Short descriptive text snippets:
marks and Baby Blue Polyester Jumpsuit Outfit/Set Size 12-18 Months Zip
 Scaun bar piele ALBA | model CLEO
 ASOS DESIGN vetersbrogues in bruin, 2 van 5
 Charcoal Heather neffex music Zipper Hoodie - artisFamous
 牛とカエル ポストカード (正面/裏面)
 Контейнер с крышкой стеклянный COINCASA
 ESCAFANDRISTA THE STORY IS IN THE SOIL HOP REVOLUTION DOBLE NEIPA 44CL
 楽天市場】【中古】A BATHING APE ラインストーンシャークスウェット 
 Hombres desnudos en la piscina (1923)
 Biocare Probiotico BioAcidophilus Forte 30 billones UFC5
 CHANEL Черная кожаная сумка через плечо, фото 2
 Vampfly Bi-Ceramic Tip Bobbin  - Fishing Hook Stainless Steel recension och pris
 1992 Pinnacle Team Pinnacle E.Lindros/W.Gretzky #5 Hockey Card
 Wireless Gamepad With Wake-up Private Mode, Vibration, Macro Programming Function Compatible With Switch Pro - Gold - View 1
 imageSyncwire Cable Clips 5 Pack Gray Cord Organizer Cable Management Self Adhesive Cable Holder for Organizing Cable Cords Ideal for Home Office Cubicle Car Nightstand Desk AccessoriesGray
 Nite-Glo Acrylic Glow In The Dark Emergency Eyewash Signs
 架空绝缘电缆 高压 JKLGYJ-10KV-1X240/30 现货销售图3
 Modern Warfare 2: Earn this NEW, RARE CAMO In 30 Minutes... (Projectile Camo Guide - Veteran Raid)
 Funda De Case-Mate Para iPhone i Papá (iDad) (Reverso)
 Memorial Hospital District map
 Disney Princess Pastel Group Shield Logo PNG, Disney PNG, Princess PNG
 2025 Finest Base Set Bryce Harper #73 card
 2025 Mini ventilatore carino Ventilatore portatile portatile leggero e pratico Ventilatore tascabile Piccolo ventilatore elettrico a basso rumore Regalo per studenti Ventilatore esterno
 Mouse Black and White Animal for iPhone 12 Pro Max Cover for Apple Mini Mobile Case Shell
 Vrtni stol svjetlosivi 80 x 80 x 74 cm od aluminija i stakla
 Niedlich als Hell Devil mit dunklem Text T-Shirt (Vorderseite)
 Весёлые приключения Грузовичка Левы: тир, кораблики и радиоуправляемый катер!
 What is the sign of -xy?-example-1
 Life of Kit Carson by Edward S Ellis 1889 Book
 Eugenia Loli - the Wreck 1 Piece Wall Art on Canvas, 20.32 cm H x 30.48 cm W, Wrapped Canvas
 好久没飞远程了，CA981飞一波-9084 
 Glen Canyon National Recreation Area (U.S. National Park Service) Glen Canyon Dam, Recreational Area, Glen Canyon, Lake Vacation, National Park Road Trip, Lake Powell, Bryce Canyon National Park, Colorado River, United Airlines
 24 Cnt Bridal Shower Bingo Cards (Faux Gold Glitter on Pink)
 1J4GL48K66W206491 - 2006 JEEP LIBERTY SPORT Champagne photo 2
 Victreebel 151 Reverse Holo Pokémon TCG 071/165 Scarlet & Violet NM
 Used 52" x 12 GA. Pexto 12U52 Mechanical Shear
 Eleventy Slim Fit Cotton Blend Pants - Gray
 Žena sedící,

• Work instruction
Return a word-for-word copy of the lines above from the one holding "Scaun bar piele ALBA | model CLEO" through the one holding "Funda De Case-Mate", with both of them included and nothing besides.

• Exercise response
 Scaun bar piele ALBA | model CLEO
 ASOS DESIGN vetersbrogues in bruin, 2 van 5
 Charcoal Heather neffex music Zipper Hoodie - artisFamous
 牛とカエル ポストカード (正面/裏面)
 Контейнер с крышкой стеклянный COINCASA
 ESCAFANDRISTA THE STORY IS IN THE SOIL HOP REVOLUTION DOBLE NEIPA 44CL
 楽天市場】【中古】A BATHING APE ラインストーンシャークスウェット 
 Hombres desnudos en la piscina (1923)
 Biocare Probiotico BioAcidophilus Forte 30 billones UFC5
 CHANEL Черная кожаная сумка через плечо, фото 2
 Vampfly Bi-Ceramic Tip Bobbin  - Fishing Hook Stainless Steel recension och pris
 1992 Pinnacle Team Pinnacle E.Lindros/W.Gretzky #5 Hockey Card
 Wireless Gamepad With Wake-up Private Mode, Vibration, Macro Programming Function Compatible With Switch Pro - Gold - View 1
 imageSyncwire Cable Clips 5 Pack Gray Cord Organizer Cable Management Self Adhesive Cable Holder for Organizing Cable Cords Ideal for Home Office Cubicle Car Nightstand Desk AccessoriesGray
 Nite-Glo Acrylic Glow In The Dark Emergency Eyewash Signs
 架空绝缘电缆 高压 JKLGYJ-10KV-1X240/30 现货销售图3
 Modern Warfare 2: Earn this NEW, RARE CAMO In 30 Minutes... (Projectile Camo Guide - Veteran Raid)
 Funda De Case-Mate Para iPhone i Papá (iDad) (Reverso)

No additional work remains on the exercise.